MvtUtil: Load serialized mvt.RefVec (B64D -> BitPack -> RefVec)

ASTER::ACTION::MotionControl::MvtUtil: Decodes a Base64 string and loads the BitPack-decompressed mvt.RefVec.

MoveTowards:RefVec, one of the motion templates, utilizes the Reference Vector, which is the coordinate data that object instances selected as mvt.Pursuer refer to as target coordinates for movement.

This function restores a serialized Reference Vector back into its original data structure (C++ std::deque).
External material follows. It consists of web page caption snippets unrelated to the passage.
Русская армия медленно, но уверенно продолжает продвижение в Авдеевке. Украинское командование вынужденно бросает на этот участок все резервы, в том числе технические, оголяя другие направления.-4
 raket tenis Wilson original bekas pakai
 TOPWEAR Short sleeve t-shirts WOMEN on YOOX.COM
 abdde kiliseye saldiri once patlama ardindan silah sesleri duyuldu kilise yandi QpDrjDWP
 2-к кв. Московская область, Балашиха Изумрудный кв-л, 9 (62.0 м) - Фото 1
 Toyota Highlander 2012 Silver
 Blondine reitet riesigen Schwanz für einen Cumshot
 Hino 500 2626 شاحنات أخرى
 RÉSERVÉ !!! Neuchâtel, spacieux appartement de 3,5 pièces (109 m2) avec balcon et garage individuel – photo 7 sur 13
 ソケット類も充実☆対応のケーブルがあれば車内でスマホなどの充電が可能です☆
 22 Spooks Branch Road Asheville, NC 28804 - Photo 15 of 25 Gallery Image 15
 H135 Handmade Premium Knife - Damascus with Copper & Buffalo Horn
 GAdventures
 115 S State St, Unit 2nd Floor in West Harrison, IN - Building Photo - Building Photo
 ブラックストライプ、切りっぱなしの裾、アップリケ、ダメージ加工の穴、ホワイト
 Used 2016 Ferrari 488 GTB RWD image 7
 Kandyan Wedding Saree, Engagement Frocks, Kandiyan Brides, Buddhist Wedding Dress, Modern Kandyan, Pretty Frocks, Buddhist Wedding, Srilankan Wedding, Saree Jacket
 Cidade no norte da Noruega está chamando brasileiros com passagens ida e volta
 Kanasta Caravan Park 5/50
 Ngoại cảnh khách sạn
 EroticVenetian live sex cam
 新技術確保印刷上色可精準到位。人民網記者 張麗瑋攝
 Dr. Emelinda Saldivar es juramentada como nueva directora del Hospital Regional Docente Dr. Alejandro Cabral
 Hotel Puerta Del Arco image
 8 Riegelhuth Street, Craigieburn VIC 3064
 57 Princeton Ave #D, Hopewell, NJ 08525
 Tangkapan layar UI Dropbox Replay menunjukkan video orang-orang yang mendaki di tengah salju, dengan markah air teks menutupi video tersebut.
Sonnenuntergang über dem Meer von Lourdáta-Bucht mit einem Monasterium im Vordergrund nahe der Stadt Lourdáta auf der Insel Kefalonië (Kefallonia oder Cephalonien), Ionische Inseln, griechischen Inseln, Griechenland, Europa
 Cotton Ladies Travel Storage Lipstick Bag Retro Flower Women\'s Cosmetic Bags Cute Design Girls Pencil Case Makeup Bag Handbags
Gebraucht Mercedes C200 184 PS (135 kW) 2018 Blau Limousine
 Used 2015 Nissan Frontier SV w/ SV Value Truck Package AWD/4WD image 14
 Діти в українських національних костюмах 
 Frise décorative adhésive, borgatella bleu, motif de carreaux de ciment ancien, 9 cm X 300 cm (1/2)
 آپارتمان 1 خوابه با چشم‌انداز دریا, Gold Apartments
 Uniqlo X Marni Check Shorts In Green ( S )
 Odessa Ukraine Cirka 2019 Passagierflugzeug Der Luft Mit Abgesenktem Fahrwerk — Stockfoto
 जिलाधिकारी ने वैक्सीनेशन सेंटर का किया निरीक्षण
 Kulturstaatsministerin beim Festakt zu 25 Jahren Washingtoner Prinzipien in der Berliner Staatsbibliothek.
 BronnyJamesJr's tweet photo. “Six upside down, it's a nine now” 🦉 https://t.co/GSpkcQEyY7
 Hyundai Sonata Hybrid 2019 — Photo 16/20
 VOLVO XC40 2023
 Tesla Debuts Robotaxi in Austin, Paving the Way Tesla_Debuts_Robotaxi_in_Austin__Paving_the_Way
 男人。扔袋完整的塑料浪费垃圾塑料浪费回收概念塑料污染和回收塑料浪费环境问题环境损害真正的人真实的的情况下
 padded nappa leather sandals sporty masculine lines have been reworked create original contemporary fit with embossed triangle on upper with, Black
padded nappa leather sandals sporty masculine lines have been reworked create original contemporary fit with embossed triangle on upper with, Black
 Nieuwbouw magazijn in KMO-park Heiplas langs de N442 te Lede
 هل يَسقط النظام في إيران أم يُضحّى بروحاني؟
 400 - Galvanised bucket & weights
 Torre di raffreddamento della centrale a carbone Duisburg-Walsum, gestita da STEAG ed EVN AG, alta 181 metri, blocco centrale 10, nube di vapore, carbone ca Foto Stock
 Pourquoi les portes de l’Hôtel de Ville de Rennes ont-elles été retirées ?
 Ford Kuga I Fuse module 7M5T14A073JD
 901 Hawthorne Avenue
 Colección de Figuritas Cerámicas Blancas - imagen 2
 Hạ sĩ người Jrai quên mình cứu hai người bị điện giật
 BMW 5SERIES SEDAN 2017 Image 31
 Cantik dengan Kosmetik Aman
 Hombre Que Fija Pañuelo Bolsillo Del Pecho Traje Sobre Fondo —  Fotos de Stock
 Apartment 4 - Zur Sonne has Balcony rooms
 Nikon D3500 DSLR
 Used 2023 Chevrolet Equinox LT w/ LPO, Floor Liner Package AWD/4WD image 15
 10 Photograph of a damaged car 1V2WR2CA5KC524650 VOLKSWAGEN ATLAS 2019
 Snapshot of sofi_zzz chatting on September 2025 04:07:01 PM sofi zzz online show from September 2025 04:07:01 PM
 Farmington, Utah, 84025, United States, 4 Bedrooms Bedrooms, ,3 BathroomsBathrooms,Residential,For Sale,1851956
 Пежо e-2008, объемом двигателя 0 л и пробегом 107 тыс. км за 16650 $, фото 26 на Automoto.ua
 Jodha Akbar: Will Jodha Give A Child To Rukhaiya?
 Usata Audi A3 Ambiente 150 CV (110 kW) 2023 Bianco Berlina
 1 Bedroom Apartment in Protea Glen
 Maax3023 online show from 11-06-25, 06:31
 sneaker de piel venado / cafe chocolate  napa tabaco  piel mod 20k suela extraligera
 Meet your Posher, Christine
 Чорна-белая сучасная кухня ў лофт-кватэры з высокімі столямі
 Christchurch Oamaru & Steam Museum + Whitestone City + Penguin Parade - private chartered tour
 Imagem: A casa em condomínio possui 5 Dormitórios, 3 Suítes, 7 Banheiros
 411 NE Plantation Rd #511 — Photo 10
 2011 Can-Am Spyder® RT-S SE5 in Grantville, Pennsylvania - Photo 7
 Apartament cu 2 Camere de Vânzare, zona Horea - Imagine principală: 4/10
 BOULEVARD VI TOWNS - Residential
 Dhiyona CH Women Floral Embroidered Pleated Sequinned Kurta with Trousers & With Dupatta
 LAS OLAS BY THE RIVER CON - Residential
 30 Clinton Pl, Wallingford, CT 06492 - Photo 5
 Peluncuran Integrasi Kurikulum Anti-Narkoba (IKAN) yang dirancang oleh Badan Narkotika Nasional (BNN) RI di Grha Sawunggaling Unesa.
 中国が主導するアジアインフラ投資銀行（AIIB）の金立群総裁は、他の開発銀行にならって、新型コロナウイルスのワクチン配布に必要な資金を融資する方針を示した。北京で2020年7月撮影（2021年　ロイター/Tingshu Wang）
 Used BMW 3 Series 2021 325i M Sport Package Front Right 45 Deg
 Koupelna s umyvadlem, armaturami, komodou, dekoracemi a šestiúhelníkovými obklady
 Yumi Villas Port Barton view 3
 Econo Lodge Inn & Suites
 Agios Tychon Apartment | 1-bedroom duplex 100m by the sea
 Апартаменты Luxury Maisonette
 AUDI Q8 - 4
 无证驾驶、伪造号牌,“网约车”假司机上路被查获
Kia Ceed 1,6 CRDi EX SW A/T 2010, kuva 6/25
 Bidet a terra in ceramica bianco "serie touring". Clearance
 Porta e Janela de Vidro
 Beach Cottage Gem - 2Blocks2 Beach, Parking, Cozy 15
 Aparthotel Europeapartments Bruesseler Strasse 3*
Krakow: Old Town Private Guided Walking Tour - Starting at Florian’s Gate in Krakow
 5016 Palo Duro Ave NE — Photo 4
The input string used for data restoration is a Base64-encoded string.It represents a binary stream produced by converting a std::deque into binary form, compressing it with BitPack, and then encoding the result in Base64.To avoid excessive processing overhead, BitPack is used for compression, and Base64 decoding is accelerated using SIMD-based optimization techniques.

Relevant URL

• ASTER :: Expression :: MotionControl :: MvtUtil: GetStr mvt.RefVec : BitPack

• ASTER :: Action :: MotionControl :: MoveTowards: RefVec

• ASTER :: Action :: MotionControl :: MoveTowards: Re.Cyclic

• ASTER :: Conditions :: MotionControl :: EvD: MvU: BEGIN moving moment

• ASTER :: Conditions :: MotionControl :: EvD: MvU: CLOSE moving moment

• ASTER :: Expressions :: MotionControl :: EvD: MvU: Retrieve CF25 animation dir based on movement dirs

• ASTER :: Action :: JSON :: MvtUtil: Creat a JSON array exported from the Reference Vector

Parameter

ExStrB64RefVec( "ASTER" )

Please send the serialized data as a “string value” from the Expression Editor, using “MotionControl::Expression::MvtUtil: GetStr mvt.RefVec : BitPack”.

"CQAAADwBAABWAAAAAL6+AL5Cvr4AAABCAL5CAEJCQg=="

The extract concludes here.